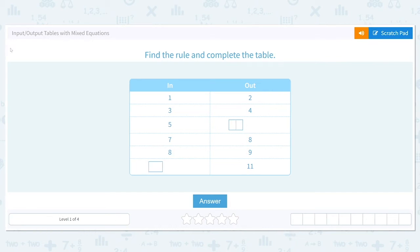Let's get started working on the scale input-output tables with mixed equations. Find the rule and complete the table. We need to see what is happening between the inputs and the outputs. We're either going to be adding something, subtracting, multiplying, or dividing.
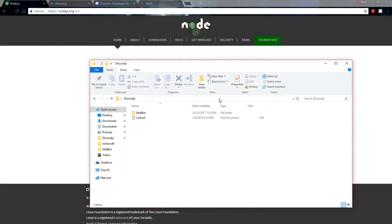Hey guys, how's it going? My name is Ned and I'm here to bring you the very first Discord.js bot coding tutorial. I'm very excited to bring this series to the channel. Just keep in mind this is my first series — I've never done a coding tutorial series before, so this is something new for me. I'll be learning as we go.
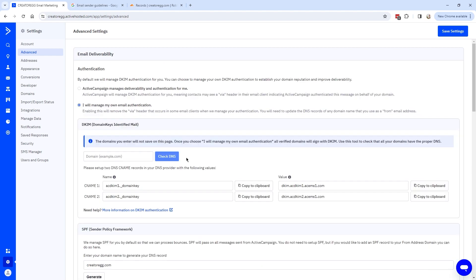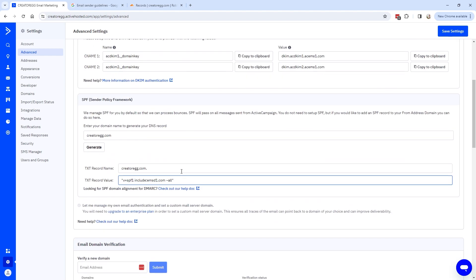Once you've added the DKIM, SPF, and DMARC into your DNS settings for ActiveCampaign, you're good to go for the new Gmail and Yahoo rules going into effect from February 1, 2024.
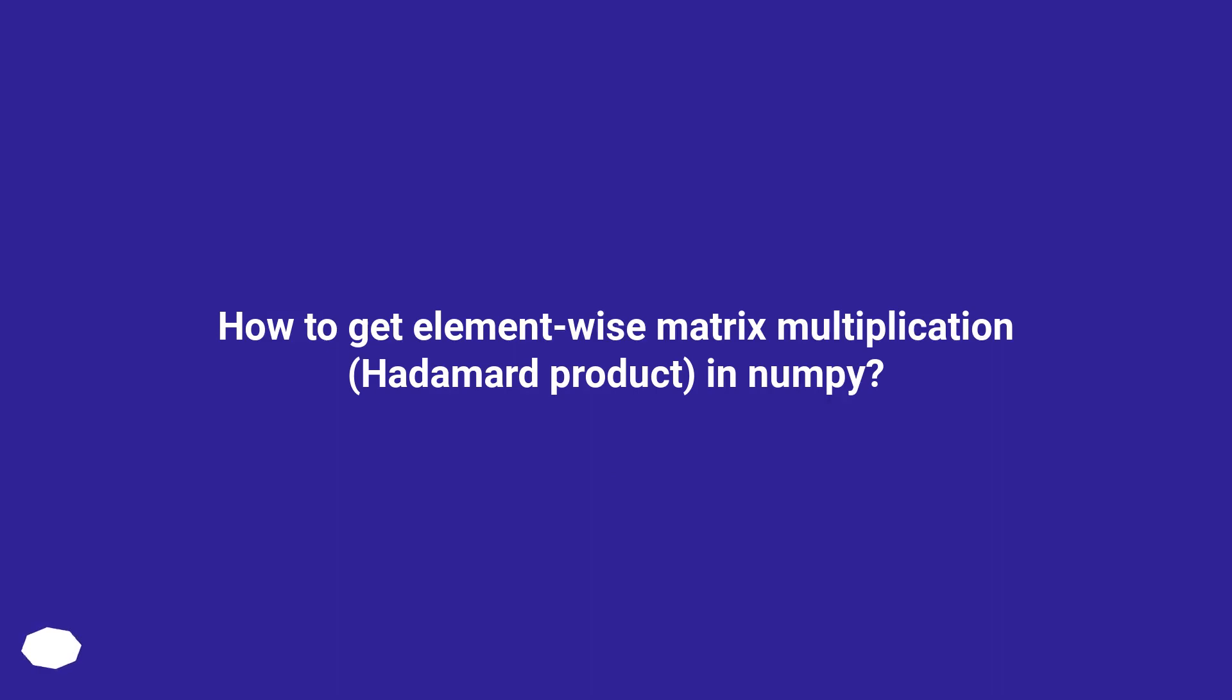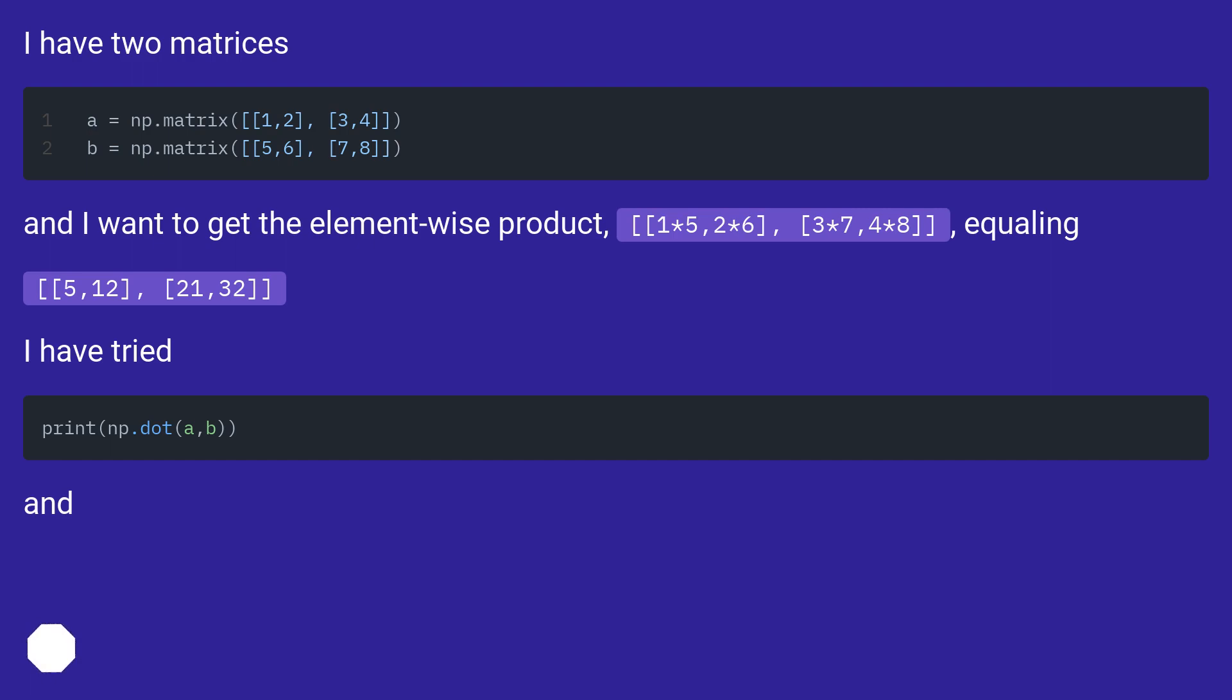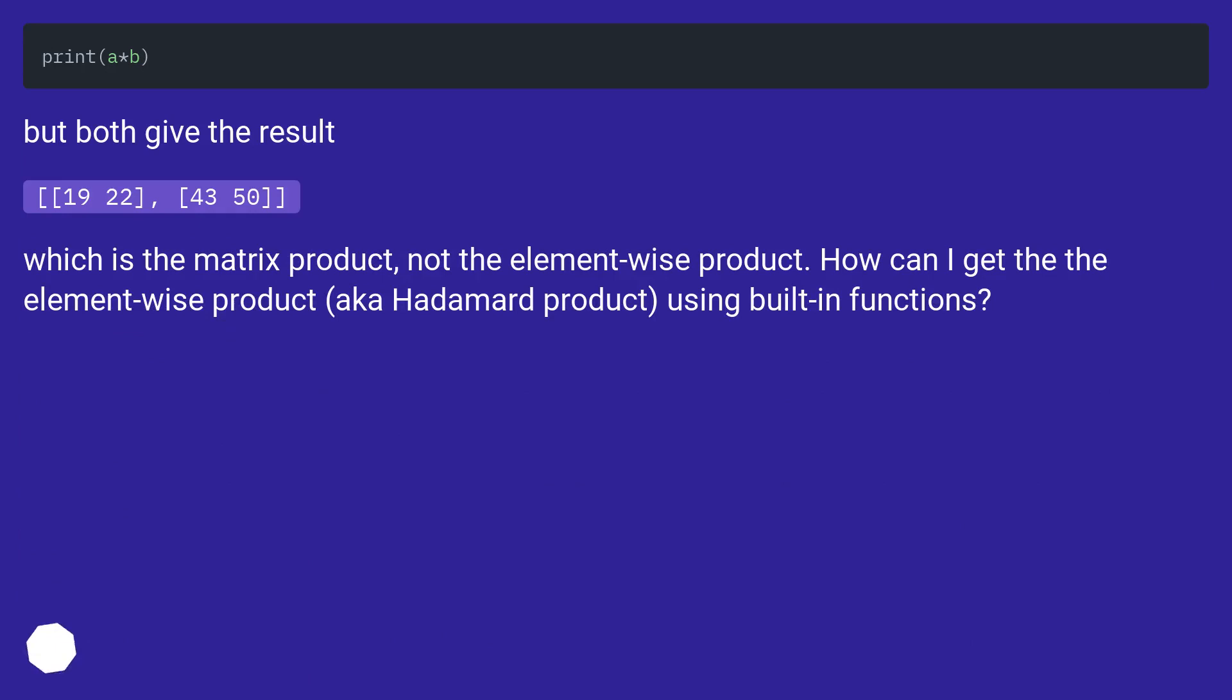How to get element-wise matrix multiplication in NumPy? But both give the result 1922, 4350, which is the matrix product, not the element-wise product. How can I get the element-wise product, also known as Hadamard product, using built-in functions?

------------

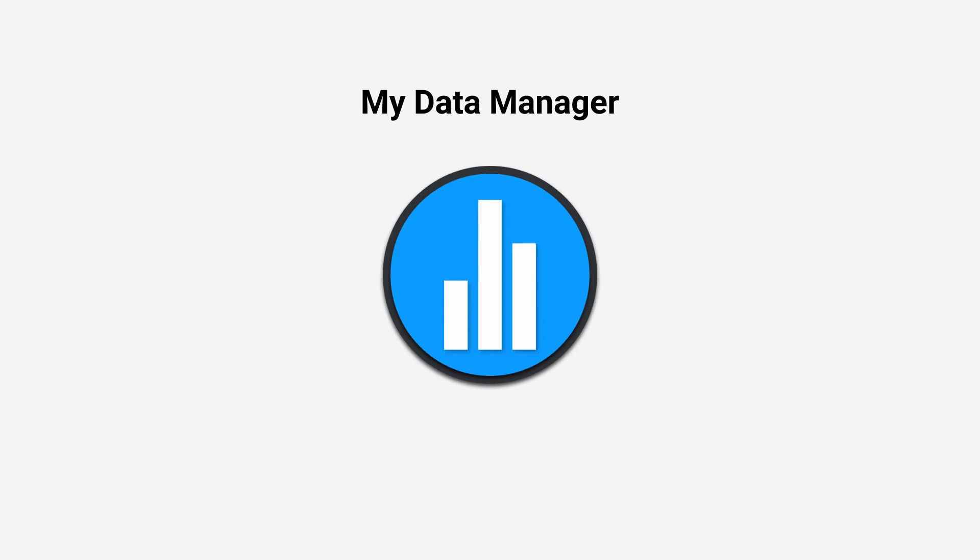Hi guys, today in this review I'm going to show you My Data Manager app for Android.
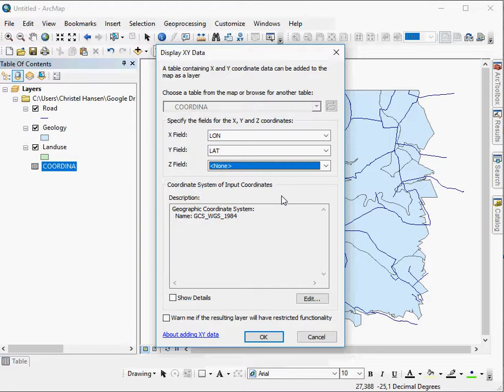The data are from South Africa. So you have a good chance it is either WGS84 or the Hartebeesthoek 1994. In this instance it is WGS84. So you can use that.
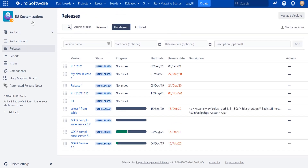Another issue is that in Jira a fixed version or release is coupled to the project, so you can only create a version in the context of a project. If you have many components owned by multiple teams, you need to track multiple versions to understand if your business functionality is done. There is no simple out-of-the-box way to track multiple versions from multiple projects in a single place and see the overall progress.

------------

▶ **Task goal**
Copy exactly the lines of the entries above from the one containing "Once you've added" through the one containing "How to get element-wise". Both end lines count; pictures do not.

▶ **Answer to this problem**
Once you've added the DKIM, SPF, and DMARC into your DNS settings for ActiveCampaign, you're good to go for the new Gmail and Yahoo rules going into effect from February 1, 2024.
How to get element-wise matrix multiplication in NumPy? But both give the result 1922, 4350, which is the matrix product, not the element-wise product. How can I get the element-wise product, also known as Hadamard product, using built-in functions?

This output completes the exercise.